県警は05年の「今市事件」が未解決なことや、子どもへの犯罪の不安が高いとの県民調査結果を受け、昨年7月に有識者会議を設置し、条例の内容を検討。これまでも09年に「子ども・女性安全対策班」を設置し、児童につきまとう不審者を警告してきた。ただ、罰則がなく、つきまといなどの件数は09年の68件から10年に約150件と急増。11、12年も同様の水準で高止まりしていた。

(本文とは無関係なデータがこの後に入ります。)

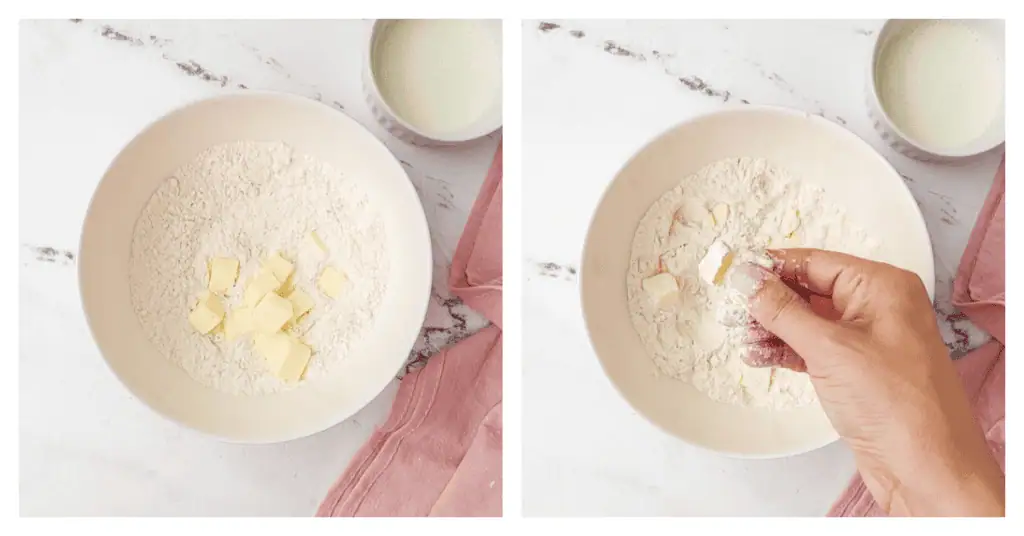butter squished into the biscuit mixture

県警生活安全企画課によると、条例へのパブリックコメントでは「誤認のおそれから、子どもに声をかけにくくなるのではないか」といった意見も多かったという。これに対し同課は「声かけやあいさつは防犯上の観点からも有効で、推奨している」としている。さらに、条例化することで大人の甘言などの危険性が明確になるとし「他人の子どもに遠慮せずに注意することが、子どものためになると思ってもらえれば」と話している。